Schulz Eric, Franklin Nicholas T, Gershman Samuel J
Harvard University, United States.
Harvard University, United States.
Cogn Psychol. 2020 Jun;119:101261. doi: 10.1016/j.cogpsych.2019.101261. Epub 2020 Feb 12.
How do humans search for rewards? This question is commonly studied using multi-armed bandit tasks, which require participants to trade off exploration and exploitation. Standard multi-armed bandits assume that each option has an independent reward distribution. However, learning about options independently is unrealistic, since in the real world options often share an underlying structure. We study a class of structured bandit tasks, which we use to probe how generalization guides exploration. In a structured multi-armed bandit, options have a correlation structure dictated by a latent function. We focus on bandits in which rewards are linear functions of an option's spatial position. Across 5 experiments, we find evidence that participants utilize functional structure to guide their exploration, and also exhibit a learning-to-learn effect across rounds, becoming progressively faster at identifying the latent function. Our experiments rule out several heuristic explanations and show that the same findings obtain with non-linear functions. Comparing several models of learning and decision making, we find that the best model of human behavior in our tasks combines three computational mechanisms: (1) function learning, (2) clustering of reward distributions across rounds, and (3) uncertainty-guided exploration. Our results suggest that human reinforcement learning can utilize latent structure in sophisticated ways to improve efficiency.

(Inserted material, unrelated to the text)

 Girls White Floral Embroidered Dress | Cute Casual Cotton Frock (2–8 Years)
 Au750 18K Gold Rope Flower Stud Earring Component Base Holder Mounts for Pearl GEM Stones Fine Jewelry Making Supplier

人类如何寻找奖励?这个问题通常使用多臂赌博机任务进行研究,这类任务要求参与者在探索和利用之间进行权衡。标准的多臂赌博机假设每个选项都有独立的奖励分布。然而,独立地了解各个选项是不现实的,因为在现实世界中,选项通常共享一个潜在结构。我们研究了一类结构化赌博机任务,用于探究泛化如何引导探索。在结构化多臂赌博机中,选项具有由潜在函数决定的相关结构。我们关注奖励是选项空间位置的线性函数的赌博机。通过5个实验,我们发现参与者利用函数结构来引导他们的探索,并且在各轮中还表现出学习学习效应,在识别潜在函数方面变得越来越快。我们的实验排除了几种启发式解释,并表明非线性函数也能得到相同的结果。比较几种学习和决策模型,我们发现在我们的任务中,人类行为的最佳模型结合了三种计算机制:(1)函数学习,(2)各轮奖励分布的聚类,以及(3)不确定性引导的探索。我们的结果表明,人类强化学习可以以复杂的方式利用潜在结构来提高效率。